- **Material provided**
──────

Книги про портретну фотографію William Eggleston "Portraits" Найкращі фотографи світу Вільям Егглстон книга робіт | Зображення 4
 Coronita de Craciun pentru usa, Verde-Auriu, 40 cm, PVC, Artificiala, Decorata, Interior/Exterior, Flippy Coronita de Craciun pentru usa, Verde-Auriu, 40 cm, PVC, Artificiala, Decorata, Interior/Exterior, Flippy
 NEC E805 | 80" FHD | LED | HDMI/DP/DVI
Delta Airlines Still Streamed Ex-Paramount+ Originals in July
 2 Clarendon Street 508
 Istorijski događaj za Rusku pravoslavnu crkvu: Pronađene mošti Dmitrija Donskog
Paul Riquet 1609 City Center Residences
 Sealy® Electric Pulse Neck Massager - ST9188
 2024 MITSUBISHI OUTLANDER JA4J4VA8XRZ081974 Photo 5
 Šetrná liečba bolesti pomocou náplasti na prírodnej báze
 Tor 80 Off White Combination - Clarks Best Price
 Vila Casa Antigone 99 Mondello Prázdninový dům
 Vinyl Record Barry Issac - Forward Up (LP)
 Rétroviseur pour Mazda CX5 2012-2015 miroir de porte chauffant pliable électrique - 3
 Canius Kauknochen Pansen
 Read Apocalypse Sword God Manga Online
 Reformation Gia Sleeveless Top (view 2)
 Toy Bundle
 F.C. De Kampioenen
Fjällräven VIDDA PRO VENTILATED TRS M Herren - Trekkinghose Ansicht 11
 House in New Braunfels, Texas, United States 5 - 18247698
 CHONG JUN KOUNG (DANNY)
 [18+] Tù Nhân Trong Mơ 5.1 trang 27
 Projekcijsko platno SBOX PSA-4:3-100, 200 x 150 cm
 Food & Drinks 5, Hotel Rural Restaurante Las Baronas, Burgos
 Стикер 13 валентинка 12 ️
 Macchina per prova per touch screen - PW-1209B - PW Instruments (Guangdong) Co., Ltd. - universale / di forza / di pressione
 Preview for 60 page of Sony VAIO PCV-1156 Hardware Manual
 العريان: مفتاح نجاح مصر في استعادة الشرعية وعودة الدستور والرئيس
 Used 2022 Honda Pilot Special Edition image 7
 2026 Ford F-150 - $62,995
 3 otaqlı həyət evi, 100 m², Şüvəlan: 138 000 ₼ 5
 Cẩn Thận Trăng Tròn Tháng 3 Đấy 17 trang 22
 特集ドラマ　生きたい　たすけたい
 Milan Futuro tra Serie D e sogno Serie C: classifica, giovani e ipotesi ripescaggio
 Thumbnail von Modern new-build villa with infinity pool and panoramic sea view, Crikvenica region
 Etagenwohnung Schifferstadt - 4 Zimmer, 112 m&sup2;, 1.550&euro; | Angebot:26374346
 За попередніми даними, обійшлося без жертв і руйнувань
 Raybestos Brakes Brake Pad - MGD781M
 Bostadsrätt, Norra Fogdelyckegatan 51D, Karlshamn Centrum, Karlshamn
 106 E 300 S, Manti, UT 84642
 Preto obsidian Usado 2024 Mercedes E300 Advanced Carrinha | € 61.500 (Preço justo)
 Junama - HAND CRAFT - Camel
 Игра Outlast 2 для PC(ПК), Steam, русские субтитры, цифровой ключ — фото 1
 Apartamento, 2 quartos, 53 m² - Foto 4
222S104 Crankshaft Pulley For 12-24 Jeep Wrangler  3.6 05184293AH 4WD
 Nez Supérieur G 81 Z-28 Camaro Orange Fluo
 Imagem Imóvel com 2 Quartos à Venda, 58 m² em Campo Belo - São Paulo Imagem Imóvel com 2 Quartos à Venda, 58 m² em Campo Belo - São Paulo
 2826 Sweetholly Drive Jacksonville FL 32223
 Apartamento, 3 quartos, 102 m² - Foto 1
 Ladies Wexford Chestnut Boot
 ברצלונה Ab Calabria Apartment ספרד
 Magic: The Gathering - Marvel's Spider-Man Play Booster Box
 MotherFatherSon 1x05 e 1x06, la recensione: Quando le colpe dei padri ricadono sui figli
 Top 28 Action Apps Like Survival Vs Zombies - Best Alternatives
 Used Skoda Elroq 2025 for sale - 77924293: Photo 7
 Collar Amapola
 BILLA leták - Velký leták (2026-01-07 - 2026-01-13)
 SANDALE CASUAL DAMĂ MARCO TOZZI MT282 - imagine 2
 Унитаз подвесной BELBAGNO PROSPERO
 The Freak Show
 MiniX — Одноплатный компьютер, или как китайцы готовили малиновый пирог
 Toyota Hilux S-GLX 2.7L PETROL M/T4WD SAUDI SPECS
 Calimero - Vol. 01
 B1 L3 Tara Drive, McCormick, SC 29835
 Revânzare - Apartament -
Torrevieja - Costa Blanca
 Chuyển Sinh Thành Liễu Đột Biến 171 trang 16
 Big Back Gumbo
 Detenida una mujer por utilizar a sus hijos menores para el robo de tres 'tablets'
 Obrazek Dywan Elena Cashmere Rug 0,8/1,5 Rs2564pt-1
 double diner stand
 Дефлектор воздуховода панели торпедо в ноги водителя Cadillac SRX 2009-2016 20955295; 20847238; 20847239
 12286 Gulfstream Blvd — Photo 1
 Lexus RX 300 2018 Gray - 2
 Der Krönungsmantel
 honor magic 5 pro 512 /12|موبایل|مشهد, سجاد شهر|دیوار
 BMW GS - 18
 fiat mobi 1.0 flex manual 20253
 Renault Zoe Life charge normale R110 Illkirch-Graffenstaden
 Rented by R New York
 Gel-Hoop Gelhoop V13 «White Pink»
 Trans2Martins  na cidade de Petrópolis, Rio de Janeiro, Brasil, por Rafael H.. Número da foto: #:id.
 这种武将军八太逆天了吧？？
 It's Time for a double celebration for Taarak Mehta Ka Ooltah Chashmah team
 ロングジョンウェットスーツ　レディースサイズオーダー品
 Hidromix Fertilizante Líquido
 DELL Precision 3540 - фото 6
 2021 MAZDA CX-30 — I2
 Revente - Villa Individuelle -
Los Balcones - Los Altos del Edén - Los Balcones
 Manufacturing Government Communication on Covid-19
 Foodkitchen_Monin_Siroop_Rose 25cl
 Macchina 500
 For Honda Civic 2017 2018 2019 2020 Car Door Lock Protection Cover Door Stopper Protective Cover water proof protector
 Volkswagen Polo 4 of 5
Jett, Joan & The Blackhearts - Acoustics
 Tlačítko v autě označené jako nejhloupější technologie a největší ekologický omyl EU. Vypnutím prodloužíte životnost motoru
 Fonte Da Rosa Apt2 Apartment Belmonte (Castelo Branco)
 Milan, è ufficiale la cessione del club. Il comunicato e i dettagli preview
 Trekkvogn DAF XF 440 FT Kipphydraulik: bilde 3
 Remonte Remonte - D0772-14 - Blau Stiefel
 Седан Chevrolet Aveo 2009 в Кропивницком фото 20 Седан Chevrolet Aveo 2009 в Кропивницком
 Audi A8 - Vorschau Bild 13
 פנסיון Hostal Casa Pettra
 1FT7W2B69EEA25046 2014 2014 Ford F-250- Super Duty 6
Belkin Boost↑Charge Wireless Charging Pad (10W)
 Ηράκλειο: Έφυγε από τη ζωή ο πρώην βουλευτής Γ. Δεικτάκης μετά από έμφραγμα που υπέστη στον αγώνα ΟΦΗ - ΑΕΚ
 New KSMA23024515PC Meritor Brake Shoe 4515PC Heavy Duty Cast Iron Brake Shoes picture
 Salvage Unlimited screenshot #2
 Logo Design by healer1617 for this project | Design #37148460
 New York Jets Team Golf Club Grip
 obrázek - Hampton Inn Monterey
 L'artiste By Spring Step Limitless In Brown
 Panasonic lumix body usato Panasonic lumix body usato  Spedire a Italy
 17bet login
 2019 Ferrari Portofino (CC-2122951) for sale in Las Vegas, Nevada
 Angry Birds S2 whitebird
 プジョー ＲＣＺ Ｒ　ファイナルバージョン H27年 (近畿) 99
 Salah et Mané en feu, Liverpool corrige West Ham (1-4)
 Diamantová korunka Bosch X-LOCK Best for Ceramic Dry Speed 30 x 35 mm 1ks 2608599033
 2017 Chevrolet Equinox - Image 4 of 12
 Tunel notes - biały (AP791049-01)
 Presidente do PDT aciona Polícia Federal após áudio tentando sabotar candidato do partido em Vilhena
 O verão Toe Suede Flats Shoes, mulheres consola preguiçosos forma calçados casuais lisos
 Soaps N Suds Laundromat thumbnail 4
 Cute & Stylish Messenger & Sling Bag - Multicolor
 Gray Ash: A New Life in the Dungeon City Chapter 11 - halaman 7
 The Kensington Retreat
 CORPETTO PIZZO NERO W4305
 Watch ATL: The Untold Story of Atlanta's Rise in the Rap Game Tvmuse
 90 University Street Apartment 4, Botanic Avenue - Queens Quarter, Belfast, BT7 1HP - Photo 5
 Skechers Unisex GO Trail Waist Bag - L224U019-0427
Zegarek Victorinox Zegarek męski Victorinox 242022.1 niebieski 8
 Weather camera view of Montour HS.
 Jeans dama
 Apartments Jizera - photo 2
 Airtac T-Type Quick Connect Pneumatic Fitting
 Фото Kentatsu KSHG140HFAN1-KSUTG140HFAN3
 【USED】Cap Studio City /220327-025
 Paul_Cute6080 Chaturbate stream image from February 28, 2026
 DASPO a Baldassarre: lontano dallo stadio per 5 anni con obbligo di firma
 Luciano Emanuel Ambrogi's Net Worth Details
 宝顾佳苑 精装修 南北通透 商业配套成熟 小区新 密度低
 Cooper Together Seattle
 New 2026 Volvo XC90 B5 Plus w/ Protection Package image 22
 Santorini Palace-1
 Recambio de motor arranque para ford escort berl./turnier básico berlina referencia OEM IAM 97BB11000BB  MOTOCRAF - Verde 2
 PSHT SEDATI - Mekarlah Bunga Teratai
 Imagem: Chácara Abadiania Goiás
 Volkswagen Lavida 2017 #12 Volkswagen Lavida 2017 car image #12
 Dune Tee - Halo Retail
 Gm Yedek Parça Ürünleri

──────

- **What you will do**
Print only the lines from the one with "Soaps N Suds Laundromat thumbnail 4" to the end of the records, both included.

- **Result for this exercise**
 Soaps N Suds Laundromat thumbnail 4
 Cute & Stylish Messenger & Sling Bag - Multicolor
 Gray Ash: A New Life in the Dungeon City Chapter 11 - halaman 7
 The Kensington Retreat
 CORPETTO PIZZO NERO W4305
 Watch ATL: The Untold Story of Atlanta's Rise in the Rap Game Tvmuse
 90 University Street Apartment 4, Botanic Avenue - Queens Quarter, Belfast, BT7 1HP - Photo 5
 Skechers Unisex GO Trail Waist Bag - L224U019-0427
Zegarek Victorinox Zegarek męski Victorinox 242022.1 niebieski 8
 Weather camera view of Montour HS.
 Jeans dama
 Apartments Jizera - photo 2
 Airtac T-Type Quick Connect Pneumatic Fitting
 Фото Kentatsu KSHG140HFAN1-KSUTG140HFAN3
 【USED】Cap Studio City /220327-025
 Paul_Cute6080 Chaturbate stream image from February 28, 2026
 DASPO a Baldassarre: lontano dallo stadio per 5 anni con obbligo di firma
 Luciano Emanuel Ambrogi's Net Worth Details
 宝顾佳苑 精装修 南北通透 商业配套成熟 小区新 密度低
 Cooper Together Seattle
 New 2026 Volvo XC90 B5 Plus w/ Protection Package image 22
 Santorini Palace-1
 Recambio de motor arranque para ford escort berl./turnier básico berlina referencia OEM IAM 97BB11000BB  MOTOCRAF - Verde 2
 PSHT SEDATI - Mekarlah Bunga Teratai
 Imagem: Chácara Abadiania Goiás
 Volkswagen Lavida 2017 #12 Volkswagen Lavida 2017 car image #12
 Dune Tee - Halo Retail
 Gm Yedek Parça Ürünleri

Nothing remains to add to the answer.